L’Eau Des Fleurs is a new-ish record label in Paris set up by Félix Gatier. He specialises in vinyl releases only, curating a small but highly select and eclectic catalogue. From his own doigts he did send us the 2023 LP by Los Lichis, a French-Mexican band, and I’m greatly looking forward to writing about that freakoid of outsider genius if I am spared the years and if I can find the words. To further indicate Gatier’s poetic credentials, might I add that he devised his label name in tribute to an experimental novel written by the French poet Jean-Michel Reynard, about which Jacques Dupin has stated “We can only let ourselves be carried away, let ourselves be covered, let ourselves be caught in its laces, in its stuffiness, in the traps that are its truth. The test is rough but, from the exclusion that it assigns, its provocation, its magnetism begins to work. A reading, a second reading, and repeated immersions in the text irrigate unsuspected strata in us.” Phew!
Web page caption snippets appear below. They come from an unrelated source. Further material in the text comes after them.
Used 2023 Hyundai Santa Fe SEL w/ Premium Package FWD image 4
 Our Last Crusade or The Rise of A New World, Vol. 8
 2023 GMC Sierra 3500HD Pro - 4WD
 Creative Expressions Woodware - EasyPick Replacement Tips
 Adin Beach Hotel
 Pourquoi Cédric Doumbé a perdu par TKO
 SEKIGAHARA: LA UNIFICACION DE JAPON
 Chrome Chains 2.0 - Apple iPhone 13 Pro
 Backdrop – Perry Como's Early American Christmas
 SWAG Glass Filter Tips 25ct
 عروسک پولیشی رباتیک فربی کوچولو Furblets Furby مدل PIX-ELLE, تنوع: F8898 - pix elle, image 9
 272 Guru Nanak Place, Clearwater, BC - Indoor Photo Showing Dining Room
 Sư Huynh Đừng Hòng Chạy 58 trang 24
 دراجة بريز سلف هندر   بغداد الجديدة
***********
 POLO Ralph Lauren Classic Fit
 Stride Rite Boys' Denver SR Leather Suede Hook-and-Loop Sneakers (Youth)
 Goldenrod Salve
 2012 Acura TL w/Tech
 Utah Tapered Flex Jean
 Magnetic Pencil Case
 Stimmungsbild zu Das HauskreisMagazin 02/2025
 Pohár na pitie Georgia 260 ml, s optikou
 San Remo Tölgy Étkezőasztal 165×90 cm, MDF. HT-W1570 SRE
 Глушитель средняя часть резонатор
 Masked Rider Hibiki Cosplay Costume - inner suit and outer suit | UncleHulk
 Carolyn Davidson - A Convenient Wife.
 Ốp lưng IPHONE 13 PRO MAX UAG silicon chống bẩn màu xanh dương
Well, if you want more of your unsuspected strata irrigated in that way, turn ye to Mirrors (eaudesfleurs001), today’s vinyl LP credited to Michael Morley and Michel Henritzi, and the very first release on this label. A very extreme record of guitar noise it be…Morley has been producing unique free-form swamps of desolate wails since 1987 as part of The Dead C in New Zealand, and also solo as Gate since 1989 (although Lee Ranaldo naturally sought him out, and he did make a memorable record with another Sonic Youther Kim Gordon as Body / Gate / Head in around 2013). We have heard Henritzi in solo and duo mode many times before, and here he is with his trusty lap-steel monster, yet rarely has he been shunted and motorised to such extreme zones before in a performing context – evidently the New Zealand half of the act (here credited simply with “electric guitar”) plays for keeps and expects all who follow to ride the same tiger and bury the hatchet in the same swarm of giant moths. “Electric guitar” doesn’t begin to describe the intensity of the amplified volume nor the depths of the grotesque distortion going down here, so productive and informed by relentless “gigantism” that even Kevin Le Quellec and Julien Louvet, the engineers who did the mixing and mastering, both waved white flags from their bunkers and sent about 15 urgent faxes to L’Eau Des Fleurs in Paris, questioning the wisdom of this enterprise, but to no avail.
As to what a “Mirror” may be, a team of physicists are working on the problem as we speak, but it may have something to do with the pool of quicksilver murk that we see on the cover of this brutal record. As to the connection between these two players, one’s French and the other one wants to be, they’re both named with variants of the saint who led the army of God and defeated Lucifer a million times over, and are both connected to the life force of the universe by a thin skein of psychic energy which they’re capable of releasing back into the world, when connected to a suitable electrical socket. From 4th September 2023 and already sold out.